▸ **Task**: Copy every line that holds the string "Leather" from the data below.

BEGIN

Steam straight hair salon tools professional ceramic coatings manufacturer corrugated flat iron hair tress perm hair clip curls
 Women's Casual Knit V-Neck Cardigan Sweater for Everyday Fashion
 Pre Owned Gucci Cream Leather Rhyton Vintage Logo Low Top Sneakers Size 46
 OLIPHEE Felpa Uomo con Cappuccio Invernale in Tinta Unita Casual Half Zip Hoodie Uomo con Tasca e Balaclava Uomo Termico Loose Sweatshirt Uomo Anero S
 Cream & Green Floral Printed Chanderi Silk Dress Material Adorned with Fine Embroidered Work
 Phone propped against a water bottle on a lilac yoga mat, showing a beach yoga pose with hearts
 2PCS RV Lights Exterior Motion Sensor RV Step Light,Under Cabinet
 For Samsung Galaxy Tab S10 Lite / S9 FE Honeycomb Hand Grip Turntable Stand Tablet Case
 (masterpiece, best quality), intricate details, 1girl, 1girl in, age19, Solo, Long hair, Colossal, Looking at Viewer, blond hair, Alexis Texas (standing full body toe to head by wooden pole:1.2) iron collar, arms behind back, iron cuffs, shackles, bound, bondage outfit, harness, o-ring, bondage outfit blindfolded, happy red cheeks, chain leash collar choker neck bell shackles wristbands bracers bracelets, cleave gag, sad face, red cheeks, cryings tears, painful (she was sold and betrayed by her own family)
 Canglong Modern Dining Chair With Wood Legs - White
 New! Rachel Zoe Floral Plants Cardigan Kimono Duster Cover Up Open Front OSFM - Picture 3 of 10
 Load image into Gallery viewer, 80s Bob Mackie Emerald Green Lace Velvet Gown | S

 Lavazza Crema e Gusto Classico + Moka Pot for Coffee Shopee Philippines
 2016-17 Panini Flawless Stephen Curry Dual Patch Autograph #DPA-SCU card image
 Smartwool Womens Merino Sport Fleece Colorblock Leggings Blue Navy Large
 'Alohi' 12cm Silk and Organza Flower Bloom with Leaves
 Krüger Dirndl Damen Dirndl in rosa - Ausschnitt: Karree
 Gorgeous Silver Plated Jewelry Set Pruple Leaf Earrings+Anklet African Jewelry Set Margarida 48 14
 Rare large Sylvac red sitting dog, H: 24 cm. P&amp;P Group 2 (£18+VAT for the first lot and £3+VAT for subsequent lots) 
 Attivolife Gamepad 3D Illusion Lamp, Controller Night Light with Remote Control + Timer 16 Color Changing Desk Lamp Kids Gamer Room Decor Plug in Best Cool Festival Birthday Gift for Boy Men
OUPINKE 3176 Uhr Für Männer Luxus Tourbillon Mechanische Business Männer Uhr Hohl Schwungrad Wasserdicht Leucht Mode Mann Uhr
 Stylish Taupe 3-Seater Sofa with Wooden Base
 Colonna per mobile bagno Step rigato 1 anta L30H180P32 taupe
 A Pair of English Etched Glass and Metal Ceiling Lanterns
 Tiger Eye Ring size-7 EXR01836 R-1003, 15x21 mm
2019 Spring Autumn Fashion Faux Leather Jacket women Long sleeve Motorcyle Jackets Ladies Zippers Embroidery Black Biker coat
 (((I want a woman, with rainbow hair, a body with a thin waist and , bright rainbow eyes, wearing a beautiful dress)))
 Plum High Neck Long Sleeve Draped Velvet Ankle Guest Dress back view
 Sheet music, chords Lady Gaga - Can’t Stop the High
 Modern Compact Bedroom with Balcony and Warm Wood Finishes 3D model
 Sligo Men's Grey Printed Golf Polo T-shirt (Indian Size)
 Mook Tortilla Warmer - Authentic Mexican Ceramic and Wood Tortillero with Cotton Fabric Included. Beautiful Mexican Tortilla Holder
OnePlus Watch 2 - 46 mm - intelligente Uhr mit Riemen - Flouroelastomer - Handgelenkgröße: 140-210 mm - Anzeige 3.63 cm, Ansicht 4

END

▸ **Result of this task**:
 Pre Owned Gucci Cream Leather Rhyton Vintage Logo Low Top Sneakers Size 46
2019 Spring Autumn Fashion Faux Leather Jacket women Long sleeve Motorcyle Jackets Ladies Zippers Embroidery Black Biker coat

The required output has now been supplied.